Small bowel follow through (SBFT) or transit study
- routine investigation for delineation of all parts the small bowel
- done with barium meal after having a quick look at esophagus, stomach, and duodenum
- improved technique to show small bowel mucosal pattern with double contrast (air and oral contrast)
- a long tube is introduced and its tip is placed at the duodenojejunal angle and beyond
- a manageable pump is necessary for insufflation
- requires about 10 minutes or more fluoroscopy
- although the advantage of the technique is showing individual small bowel loops in great detail, increased radiation dose to the patient, and lack of the necessary tools for enteroclysis means it is not used routinely and it is often an academic technique
Double contrast imaging limited to the ileocecal region
- at the moment when the oral contrast column from the ileum enter the cecum, introduce air by insufflation into the colon
- as the ileocecal valve is patulous in 90% of people and air could easily enter the ileum, double contrast imaging is acquired for this region by this technique called peroral pneumocolon
On a normal barium study of the small bowel, the jejunum is located in the upper left abdomen and the ileum in the lower right abdomen, to be continued by the colon in the ileocecal region. This configuration must be shown in any series of the small intestine. There is no definite border between jejunum and ileum, however, more than half of the small bowel is ileum.

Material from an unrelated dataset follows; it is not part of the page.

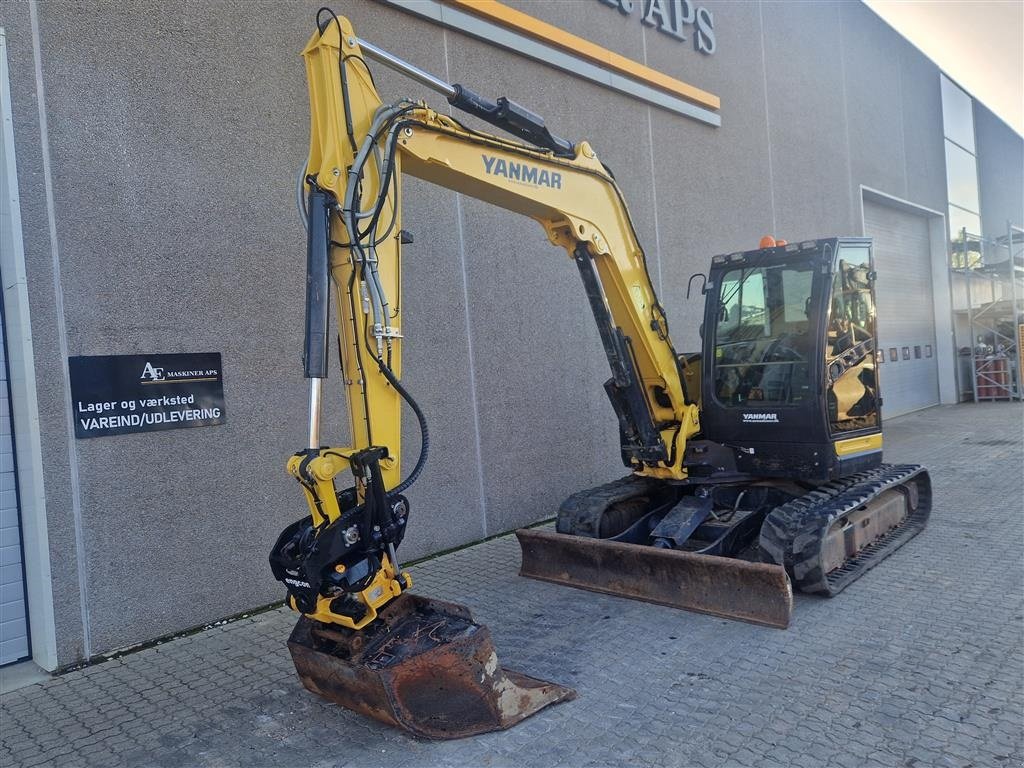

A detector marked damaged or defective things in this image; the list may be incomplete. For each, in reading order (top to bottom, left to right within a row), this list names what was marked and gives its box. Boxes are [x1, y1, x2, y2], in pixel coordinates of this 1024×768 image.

rusty excavator bucket [516, 528, 796, 632]
rusty excavator bucket [288, 592, 576, 740]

The mucosa of the small bowel is characterized by the existence of the valvulae conniventes (also referred to as Kerkrin valves or circular folds). These folds start from the second part of the duodenum, which has a greater number of them, and they decrease in number as the small bowel approaches the ileocecal valve. With gaseous distension of the bowel loops, they are never completely effaced in the jejunum but they may be effaced in the ileum.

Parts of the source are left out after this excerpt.